A speaks truth in 60% of the cases, while B in 90% of the cases. In what percent of
cases are they likely to contradict each other in stating the same fact? In the cases of
contradiction do you think, the statement of B will carry more weight as he speaks
truth in more number of cases than A?

Answer 1

Let the probability that A and B speak truth be P(A) and P(B) respectively.

Therefore, $P\left(A\right)=\frac{60}{100}=\frac{3}{5}$ and $P\left(B\right)=\frac{90}{100}=\frac{9}{10}$

A and B can contradict in stating a fact when one is speaking the truth and other is not speaking the truth.

Case 1: A is speaking the truth and B is not speaking the truth.

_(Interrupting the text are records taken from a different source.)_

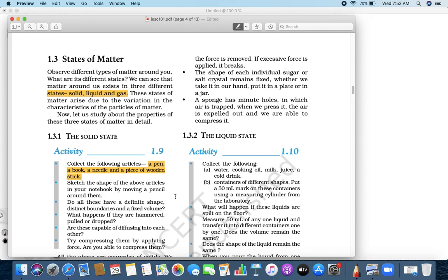So, if you talk about a solid, the first thing that comes to mind is that it has a particular shape. We can change the shape, but once you change the shape, it is permanently deformed — meaning it cannot come back to its original shape. For example, if you bend a pencil a lot, it gets broken from the middle.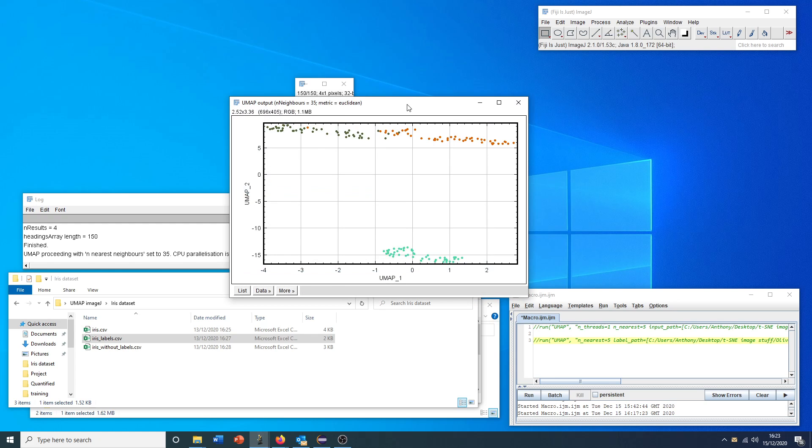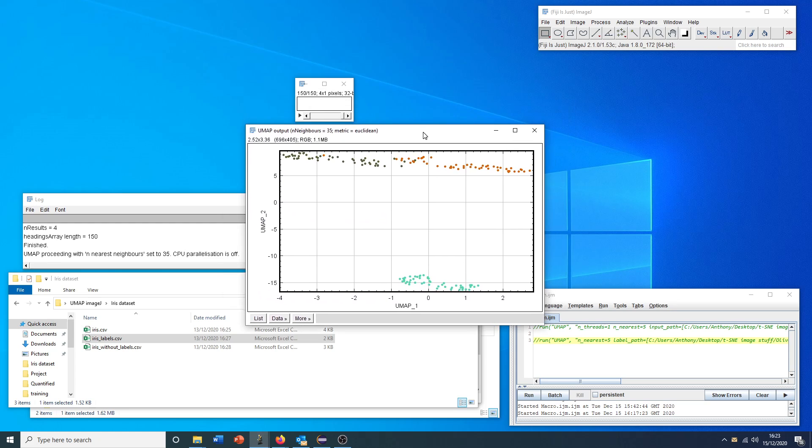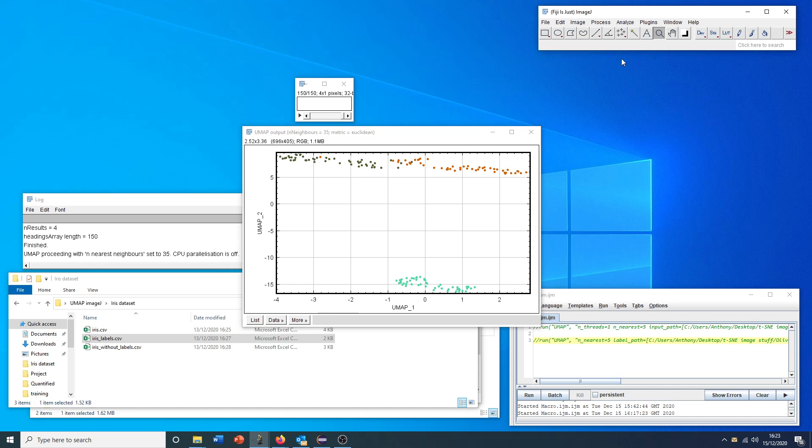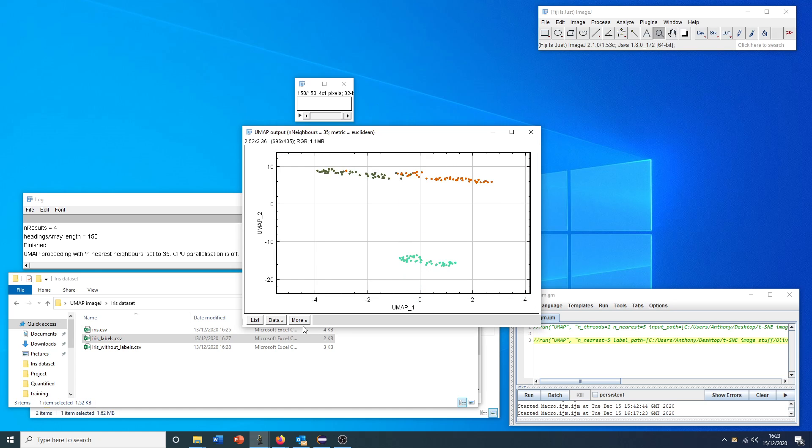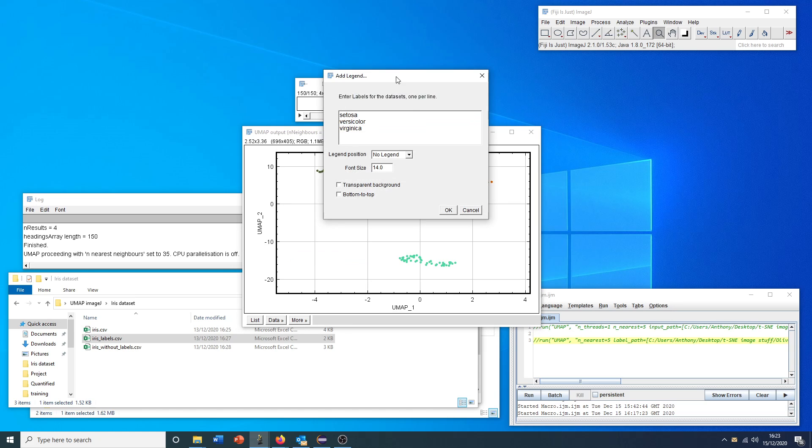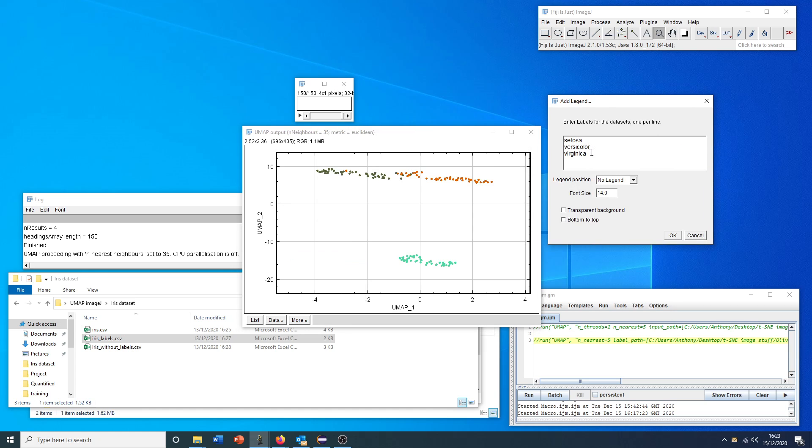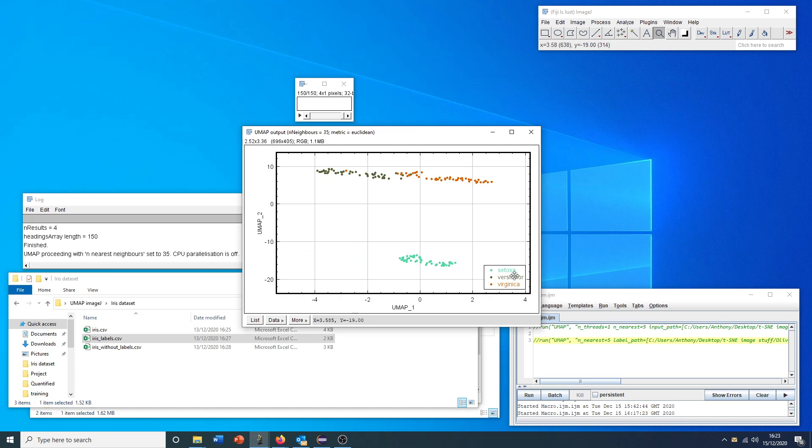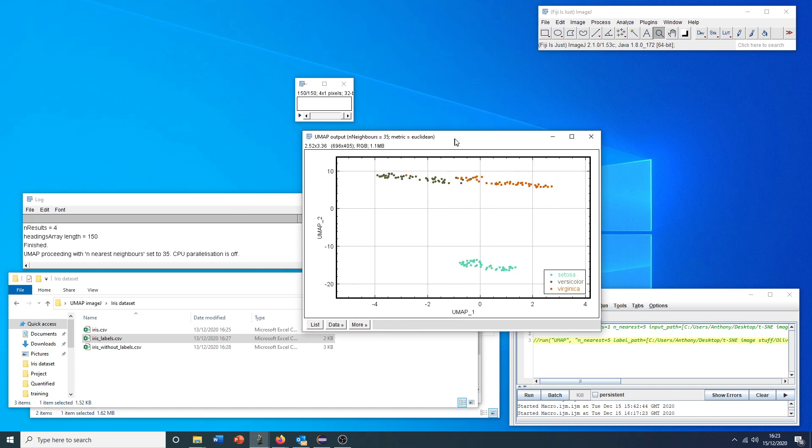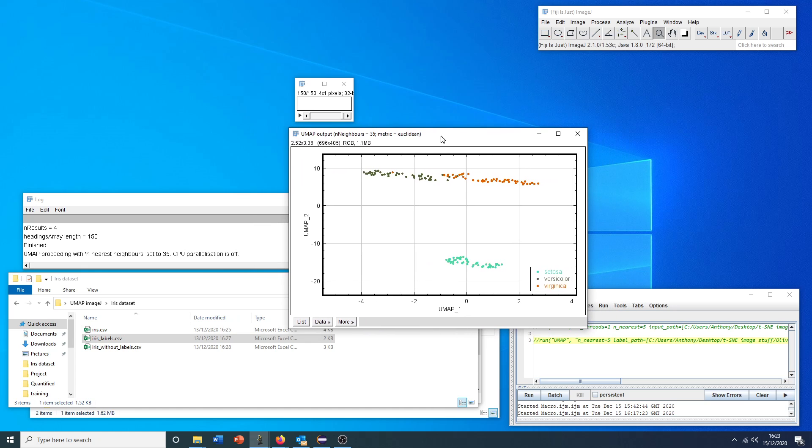If you Google UMAP iris dataset, this is a very similar output to what we would normally see. Just very briefly, I can add my legend as before. Here it's pulled this from the file, so this is why all these labels are here already. We can see that we have adequately or fairly nicely clustered our original dataset just on the lower dimensional representation of those four original flower parameters.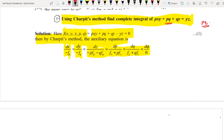Now we find fp by differentiating f with respect to p: we get fp = xy + q, since all other terms are constants. Next, fq is found by differentiating with respect to q: the derivative of pq with respect to q is p, and the derivative of qy is y, so fq = p + y.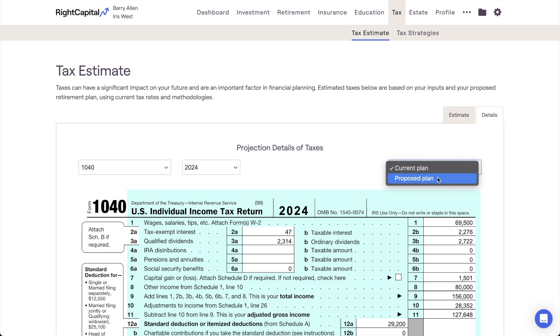For more information on taxes in Wright Capital, please don't hesitate to take a look at our Help Center, or to reach out to our Advisor Support Team for more details.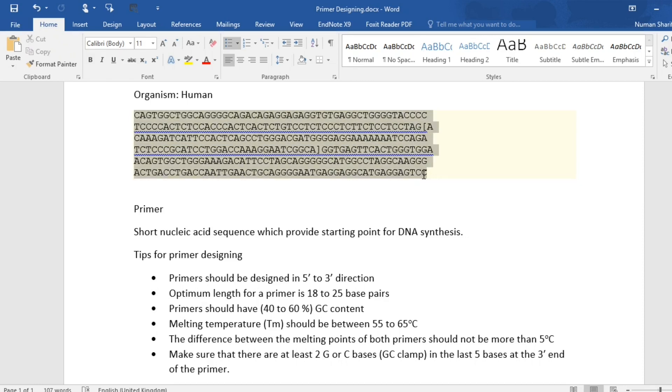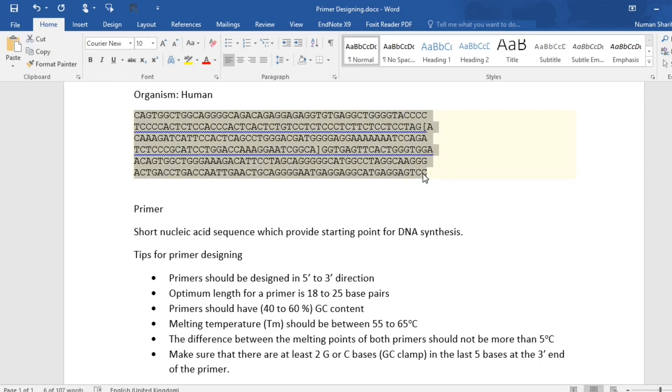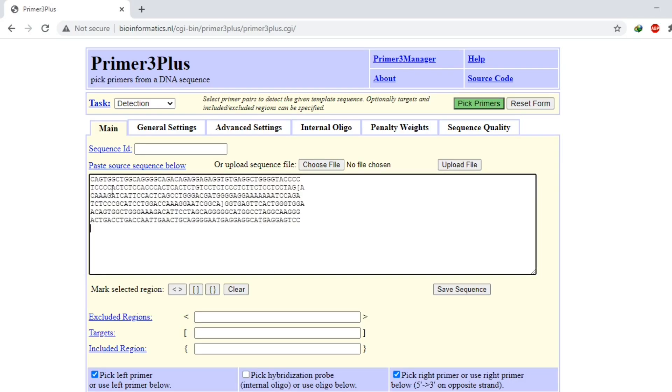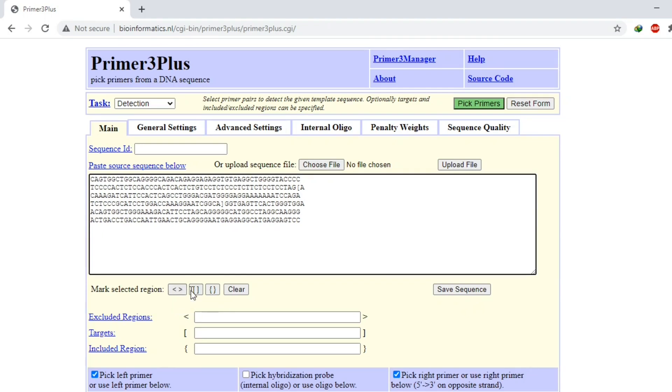So there are few options here. These symbols are used to exclude a region, these symbols are used for target region, and these curly brackets are used to include region.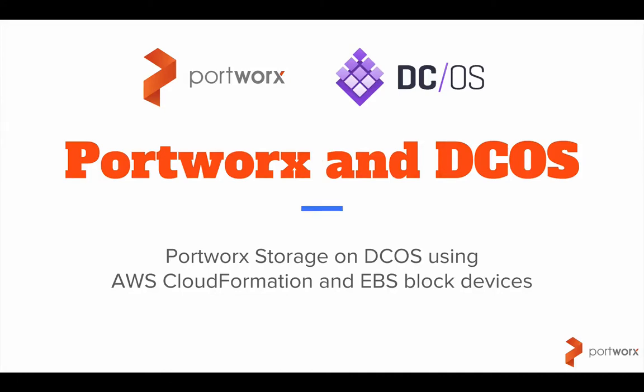Hello, it's Kai here from Portworx and today I'm really quite excited because I get to show you Mesos running on Amazon using DCOS and then we'll install Portworx storage.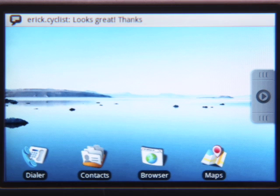The seamless integration between your apps on Android makes multitasking effortless.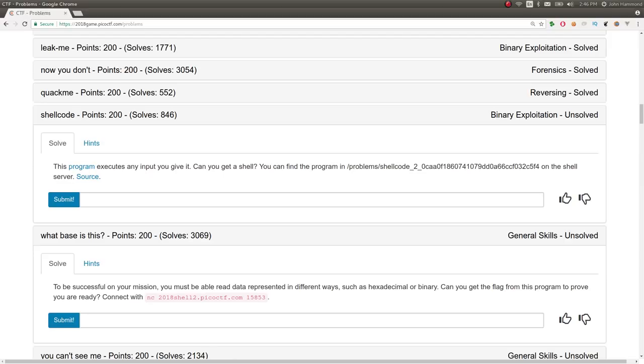Hey YouTube, my name is John Hammond, and this is a video write-up for the challenge Shell Code from PicoCTF 2018. This is worth 200 points, it got mediocre solves, I think, Binary Exploitation Challenge.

Required probability = $P\left(A\right)\times (1-P(B\left)\right)=\frac{3}{5}\times (1-\frac{9}{10})=\frac{3}{50}$

Case 2: A is not speaking the truth and B is separately the truth.

Required Probability = $(1-P(A\left)\right)\times P\left(B\right)=(1-\frac{3}{5})\times \frac{9}{10}=\frac{9}{25}$

Therefore, Percentage of cases in which they are likely to contradict in stating the same fact

=$(\frac{3}{50}+\frac{9}{25})\times 100\%=\left(\frac{3+18}{50}\right)\times 100\%=42\%$

From case 1, it is clear that is not necessary that the statement of B will carry more weight as he speaks truth in more number of cases than A.